In certi momenti, quando si concepiscono idee un po’ ardite e folli, si teme di essere soli, ma il paese sta lì silenzioso a ricordarti che questa solitudine può essere provvisoria, che i luoghi lavorano al corpo la gente, che ci sono tanti che la pensano come te e che, senza saperlo, aspettano che tu scriva e gli dia le parole per uscire dal silenzio. Far parlare un paese vuol dire costruire una voce capace di spingere la gente ad aprire la porta e ad assaggiare, insieme all’odore del vento, quello degli altri. E anche se questa voce nasce da un luogo determinato, essa è una voce universa¬le, molto più che una specialità gastronomica, una sopravvivenza etnica. Dai luoghi austeri e riservati e dalla loro stessa serietà parte un messaggio di cui il mondo, prima o dopo, si accorgerà di avere bisogno, la necessità di una misura, di interrompere l’inseguimento infinito al consumo e di provare per un attimo a sostare e a guardarsi attorno. È proprio in queste soste che può accadere di sorprendere la nostra vita da un’altra angolazione, non come un’idrovora vorace e cieca, ma come un punto di affaccio sul mondo, un’esperienza a termine, più preziosa e più attenta a chi è debole, a chi sta iniziando e a chi sta finendo. E allora scopriamo che siamo un imballaggio delicato su cui sta scritto: alto e fragile. Le pagine di Arminio sulla debolezza e la morte ci ricordano che esse sono il gran rimosso della nostra civiltà deragliata per eccesso di velocità, di desiderio, di potenza.

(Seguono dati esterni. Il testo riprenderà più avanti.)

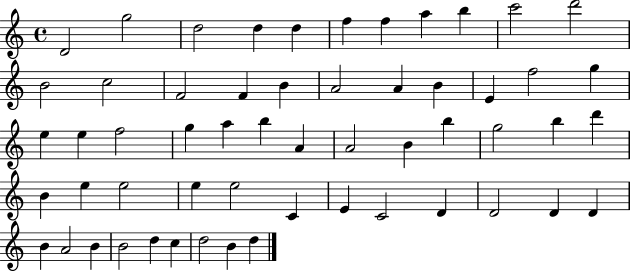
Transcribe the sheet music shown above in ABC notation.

X:1
T:Untitled
M:4/4
L:1/4
K:C
D2 g2 d2 d d f f a b c'2 d'2 B2 c2 F2 F B A2 A B E f2 g e e f2 g a b A A2 B b g2 b d' B e e2 e e2 C E C2 D D2 D D B A2 B B2 d c d2 B d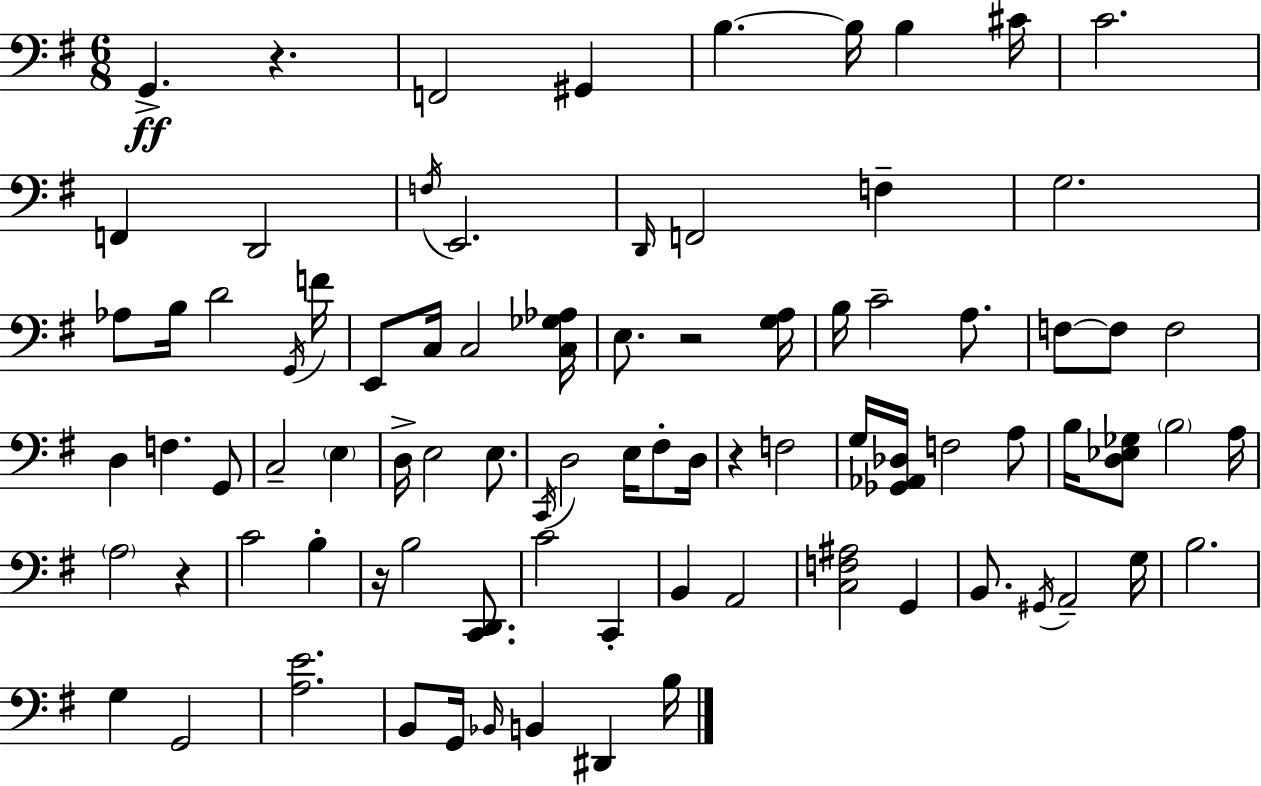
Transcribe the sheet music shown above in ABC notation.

X:1
T:Untitled
M:6/8
L:1/4
K:G
G,, z F,,2 ^G,, B, B,/4 B, ^C/4 C2 F,, D,,2 F,/4 E,,2 D,,/4 F,,2 F, G,2 _A,/2 B,/4 D2 G,,/4 F/4 E,,/2 C,/4 C,2 [C,_G,_A,]/4 E,/2 z2 [G,A,]/4 B,/4 C2 A,/2 F,/2 F,/2 F,2 D, F, G,,/2 C,2 E, D,/4 E,2 E,/2 C,,/4 D,2 E,/4 ^F,/2 D,/4 z F,2 G,/4 [_G,,_A,,_D,]/4 F,2 A,/2 B,/4 [D,_E,_G,]/2 B,2 A,/4 A,2 z C2 B, z/4 B,2 [C,,D,,]/2 C2 C,, B,, A,,2 [C,F,^A,]2 G,, B,,/2 ^G,,/4 A,,2 G,/4 B,2 G, G,,2 [A,E]2 B,,/2 G,,/4 _B,,/4 B,, ^D,, B,/4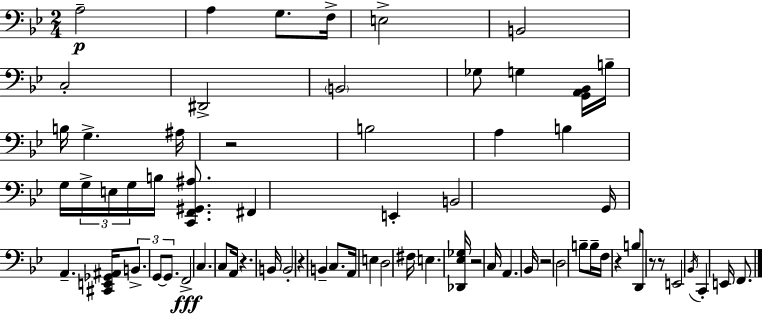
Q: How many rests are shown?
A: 8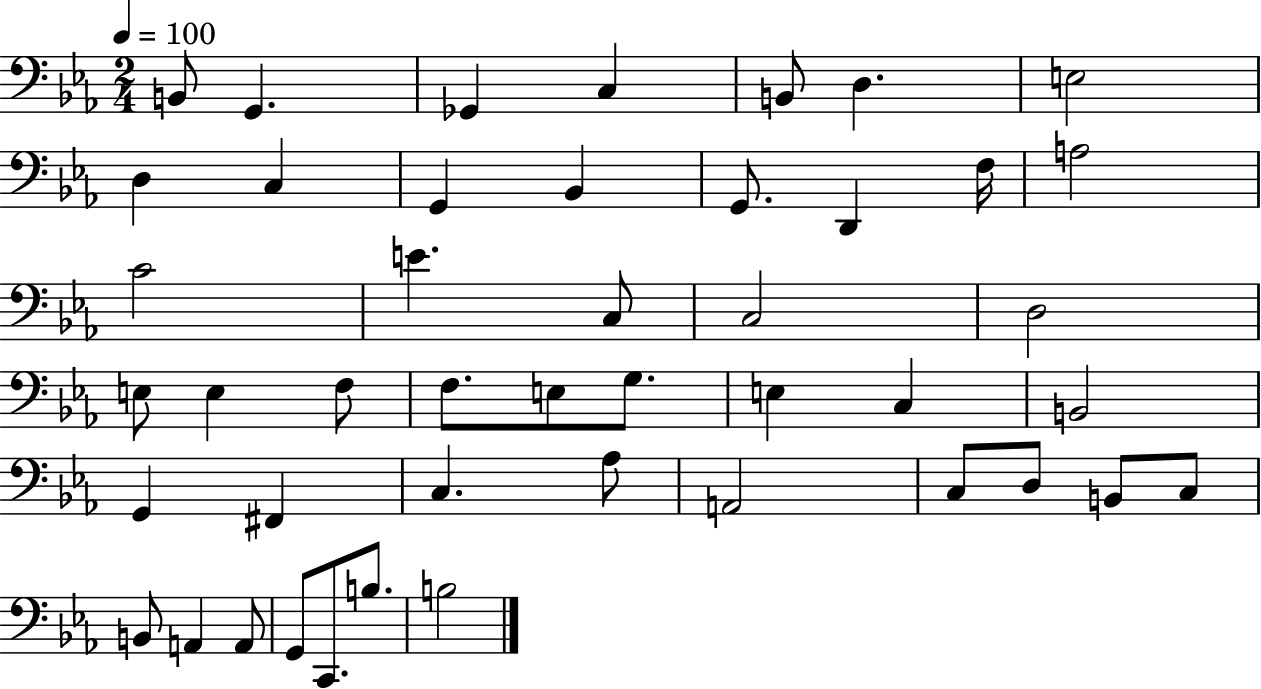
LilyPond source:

In un mondo usa e getta, la delicatezza non è solo una virtù morale, una ricchezza interiore, ma una virtù sociale, perché vuol dire rispetto per il pianeta. Sobrietà e anche amicizia, rispetto e reciprocità, lunghi discorsi dentro lunghe passeggiate, l’affacciarsi dei dubbi, ma anche le scommesse vinte in comune, i piccoli momenti di trascendenza nei quali ci mettiamo in gioco, i più preziosi della nostra vita, quelli che segnano il nostro sacro e i nostri calendari. Il discorso di Arminio non è una nostalgia, ma un desiderio di futuro, e anche un atto di accusa: «Siamo noi la cosa che manca».